Notifications You must be signed in to change notification settings

mlangguth89/downscaling_destine_de370c

Repository files navigation

ML downscaling of EURAD-IM forecasts in Destine DE370c

Background

In scope of the Destination Earth air quality use case (DE_370c), two Wasserstein Generative Networks (WGANs) have been trained to downscale nitrogen oxide (NOx) and ozone (O3) EURAD-IM forecasts to kilometre-scale. Training of these models have been done with archived EURAD-IM forecasts that are produced operationally at IEK-8 since 2012.
Although the accuracy of the attained models is not satisfactory due to a lack of informative predictors from the EURAD-IM forecast data, both models are published as part of this reporsitory. Furthermore, the code to preprocess the EURAD-IM data as well as to train the WGAN models is provided here. A script to run inference on the trained WGANs is also available, ready for operational deployment.
Large parts of the code base have been forked from Application 5 of the MAELSTROM project avaialable at: https://gitlab.jsc.fz-juelich.de/esde/machine-learning/downscaling_maelstrom.

Author and acknowledgment

Author: Michael Langguth (m.langguth_at_fz-juelich.de, JSC)
Contributors: In scope of the MAELSTROM project, Bing Gong and Yan Ji contributed to the code base.

Jülich Supercomputing Centre (JSC)
Forschungszentrum Jülich
Wilhelm-Johnen-Str.
52425 Jülich
Germany

Software requirements

All scripts are written in Python and have been tested with Python 3.9.6. Newer Python versions are possible, but may require adaptions/updates of the following Python package versions:

  • Tensorflow 2.6.0 (GPU-support recommended)
  • numpy/1.21.3
  • pandas/1.3.4
  • xarray/0.20.1
  • dask/2021.9.1
  • netCDF4/1.5.7
  • cdo/1.6.0
  • pyproj/3.3.0
  • matplotlib/3.4.3 (for Jupyter Notebook only)
  • cartopy/0.20.0 (for Jupyter Notebook only)
  • skimage/0.18.3 (for Jupyter Notebook only)

It's recommended to provide these Python package in a virtual environment.
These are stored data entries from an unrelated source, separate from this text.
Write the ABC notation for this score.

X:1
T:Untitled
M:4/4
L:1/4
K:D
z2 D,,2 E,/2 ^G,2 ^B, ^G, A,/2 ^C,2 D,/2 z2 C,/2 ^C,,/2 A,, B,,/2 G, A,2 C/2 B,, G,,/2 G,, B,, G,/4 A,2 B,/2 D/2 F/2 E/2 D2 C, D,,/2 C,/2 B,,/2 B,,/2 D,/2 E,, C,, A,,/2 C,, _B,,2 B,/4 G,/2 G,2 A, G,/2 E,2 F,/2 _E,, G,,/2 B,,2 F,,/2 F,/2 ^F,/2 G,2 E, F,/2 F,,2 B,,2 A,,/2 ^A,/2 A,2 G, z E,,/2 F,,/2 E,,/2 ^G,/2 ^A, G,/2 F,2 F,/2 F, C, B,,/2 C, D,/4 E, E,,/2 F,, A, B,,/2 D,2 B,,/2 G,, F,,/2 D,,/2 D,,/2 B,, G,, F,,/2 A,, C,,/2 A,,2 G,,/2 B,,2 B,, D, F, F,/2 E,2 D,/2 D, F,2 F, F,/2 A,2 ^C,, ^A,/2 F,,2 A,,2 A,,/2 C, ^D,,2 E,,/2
Note that these Python packages have further dependencies. In particular, netCDF4 requires the HDF5 C and the netCDF C library, see here for more details. CDO furthermore requires PROJ (also required by the pyproj Python-package), ecCodes and further external libraries, see here. Finally, NCO must also be available.
A list of external library versions that are known to work includes:

  • NetCDF/4.8.1
  • hdf5/1.12.1
  • CDO/2.0.2
  • ecCodes/2.22.1
  • proj/8.1.0
  • NCO/5.0.3

On the Juelich HPC-systems, the virtual environment can be conveniently created with the script env_setup/create_env.sh.

> cd env_setup
> source create_env.sh <virtual_env_name>

This script will load all modules listed in env_setup/modules_jsc.sh, minimizing the demand for custom installation of software.
On other HPC-systems (such as LUMI), the scripts may be adapted according to the available software module stack.
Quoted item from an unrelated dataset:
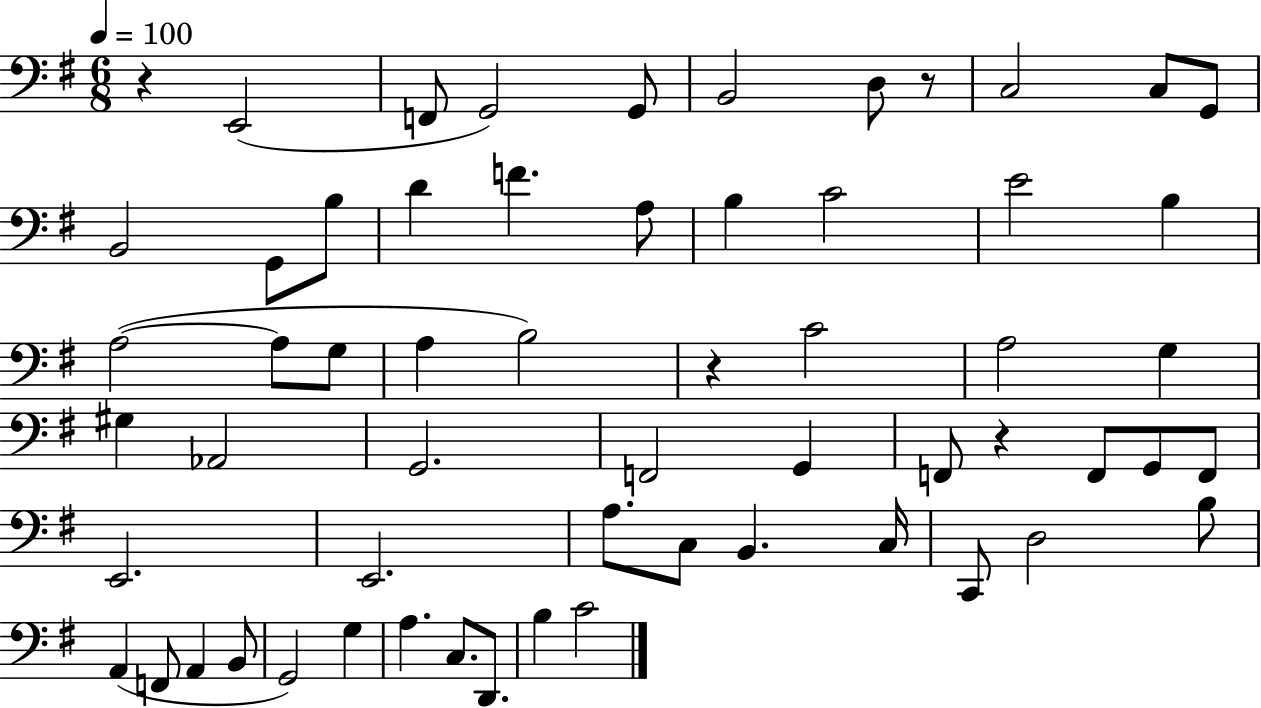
R/q E2/h F2/e G2/h G2/e B2/h D3/e R/e C3/h C3/e G2/e B2/h G2/e B3/e D4/q F4/q. A3/e B3/q C4/h E4/h B3/q A3/h A3/e G3/e A3/q B3/h R/q C4/h A3/h G3/q G#3/q Ab2/h G2/h. F2/h G2/q F2/e R/q F2/e G2/e F2/e E2/h. E2/h. A3/e. C3/e B2/q. C3/s C2/e D3/h B3/e A2/q F2/e A2/q B2/e G2/h G3/q A3/q. C3/e. D2/e. B3/q C4/h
Run (operational) inference on trained models

Two trained WGANs for downscaling NOx and ozone are provided in this reporsitory. The models are saved in the trained_models/destine_final. Albeit the accuracy of these downscaling models has not reached a satisfactory level, a script for operational deployment for demonstration purposes is made available.
Inference on the trained models can be run by the script main_scripts/main_inference.py. This is called by:

> cd main_scripts
> python main_inference.py [-h] [--data_base_directory/-data_base_dir PATH_TO_DATA] [--output_base_directory/-output_base_dir PATH_TO_OUTPUT] [--model_base_directory/-model_base_dir MODEL_DIR] [--initialization_time/-init_time INIT_TIME] [--target_variable/-target_var TARGET_VAR] [--grid_resoultion/-grid_res GRID_RES] [--time_steps/-time_steps TIME_STEPS] [--with_gu/-gpu] 
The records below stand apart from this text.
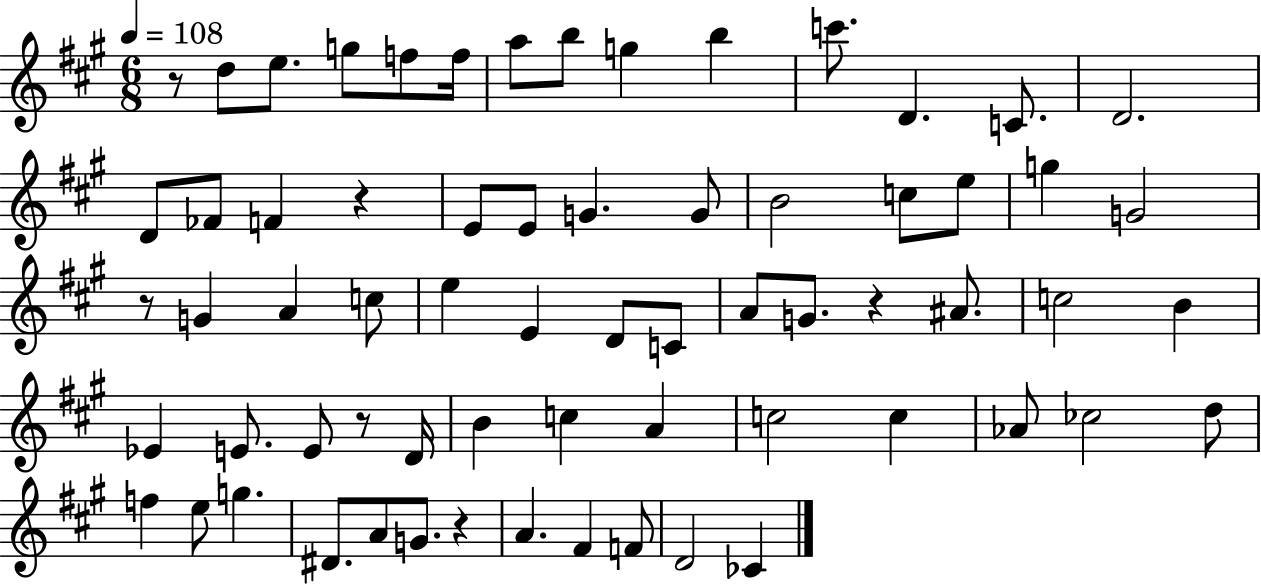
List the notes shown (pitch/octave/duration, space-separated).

R/e D5/e E5/e. G5/e F5/e F5/s A5/e B5/e G5/q B5/q C6/e. D4/q. C4/e. D4/h. D4/e FES4/e F4/q R/q E4/e E4/e G4/q. G4/e B4/h C5/e E5/e G5/q G4/h R/e G4/q A4/q C5/e E5/q E4/q D4/e C4/e A4/e G4/e. R/q A#4/e. C5/h B4/q Eb4/q E4/e. E4/e R/e D4/s B4/q C5/q A4/q C5/h C5/q Ab4/e CES5/h D5/e F5/q E5/e G5/q. D#4/e. A4/e G4/e. R/q A4/q. F#4/q F4/e D4/h CES4/q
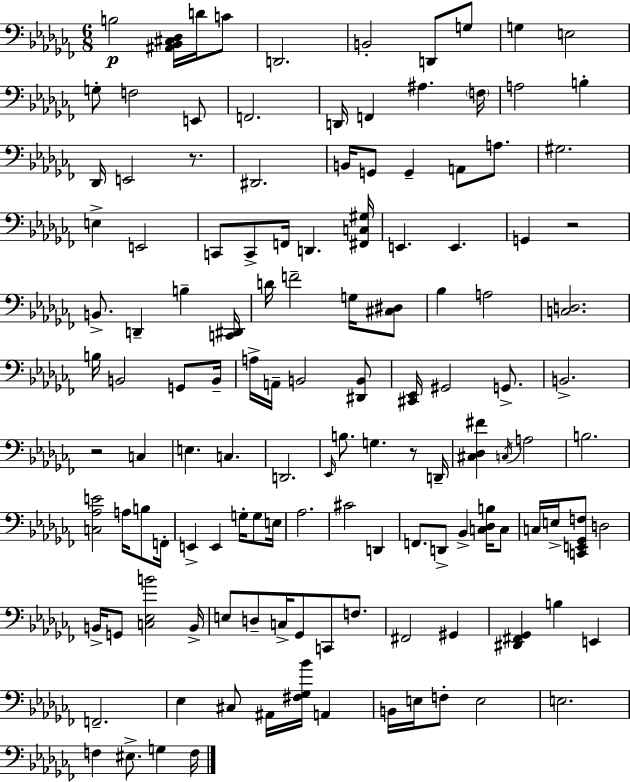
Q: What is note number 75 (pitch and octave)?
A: Ab3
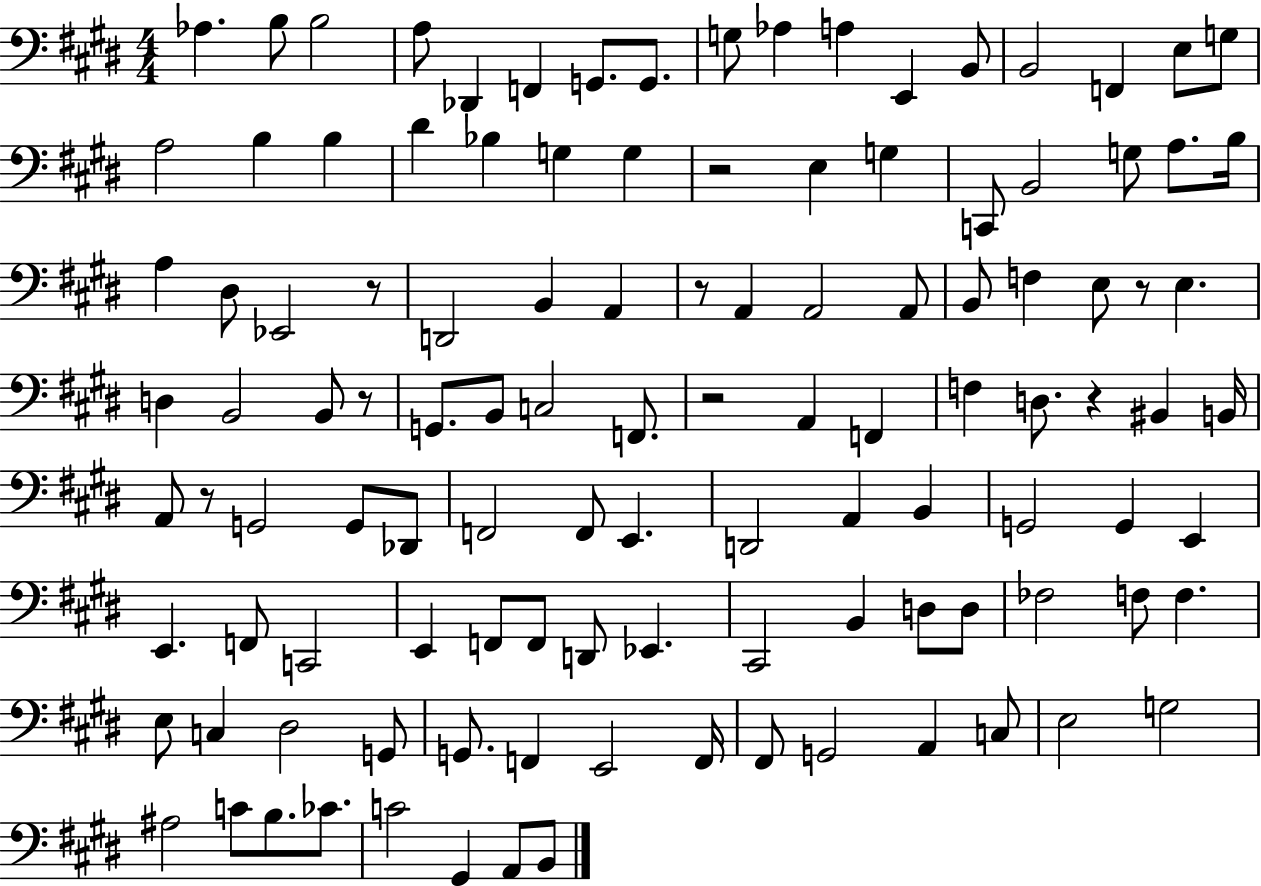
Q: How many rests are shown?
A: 8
The arguments denote the following:

short long default help
-h --help shows this help message and exit
-data_base_dir --data_base_directory None Top-level under which EURAD-IM simulations are stored (in sub-directories).
-output_base_dir --output_base_directory None Directory where netCDF-file with downscaling results will be saved.
-model_base_dir --model_base_directory ../trained_models/destine_final Base directory where trained models are saved.
-init_time --initialization_time None Initialization time of EURAD-IM simualtion that will be downscaled.
-grid_res --grid_resoultion 3 Grid resolution/spacing of the EURAD-IM data to downscale (options: [3, 5])
-target_var --target_variable NOx Name of the target variable to downscale (options: ["NOx", "O3"])
-time_steps --time_steps 2/25 Time steps of the EURAD-IM data to be used for downscaling.
-gpu --with_gpu Flag to run inference on GPU.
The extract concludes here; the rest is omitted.